The paper, titled Seal and Sea Lion Whiskers Detect Slips of Vortices Similar as Rats Sense Textures, finds that in the same way rats use their whiskers to detect textures and hard surfaces on dry land, sea lions use their whiskers to detect swirling fluid elements called vortices in the water in which they move.

 

Using a specially equipped water tank in City’s Aeronautical Engineering laboratory for sea lion simulations, the team mapped the typical signatures used by sea lion whiskers to detect such vortices, which signal whether prey has swum into a region.

 

According to Professor Bruecker, City’s Royal Academy of Engineering Research Chair in Nature-Inspired Sensing and Flow Control for Sustainable Transport, and Sir Richard Olver BAE Systems Chair for Aeronautical Engineering, “pinnipeds such as seals and sea lions use their whiskers to hunt their prey in dark and turbid situations. There is no theoretical model or hypothesis to explain the interaction between whiskers and hydrodynamic fish trails. The study, however, provides a theoretical and experimental insight into the mechanism behind the detection of the Strouhal frequency from a Von-Karman vortex street, similar to that of the inverted hydrodynamic fish trail.
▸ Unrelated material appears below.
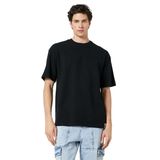 Koton 3SAM11002HK Siyah Erkek T-shirt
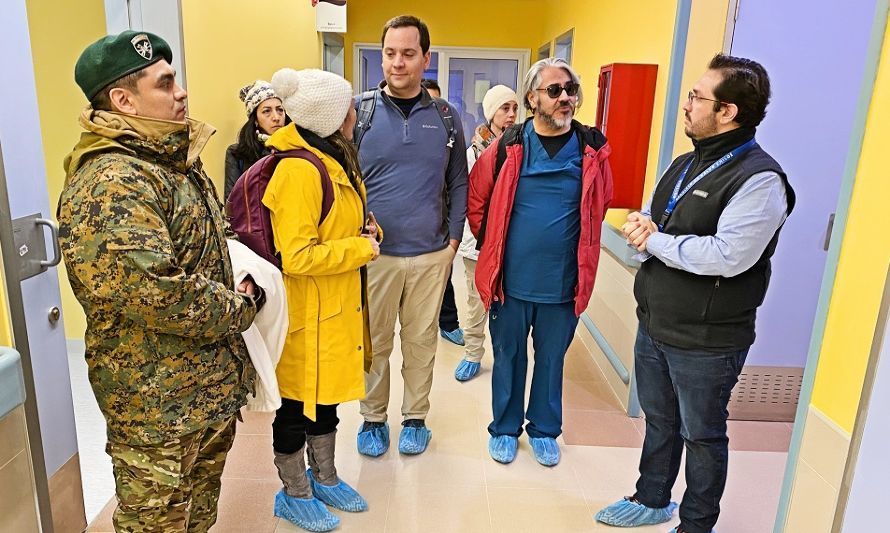 Operativo médico naval reduce listas de espera en Quellón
The flow around a 3D printed sea lion head, with integrated whiskers of comparable geometry and material properties to a real seal lion, is investigated when exposed to vortex streets generated by cylindrical bluff bodies”.

 

Professor Bruecker has transferred the idea of sea lion whiskers to arrays of bio-inspired optical flow sensors, which are submersible and can remotely monitor the vortices passing over the riverbed to detect strong events that may trigger erosion processes.

 

Having sought support from the Engineering and Physical Sciences Research Council, discussions are underway with the River Thames Restoration Trust to mark out and implement a test area on the Thames for the first trials of the monitoring system.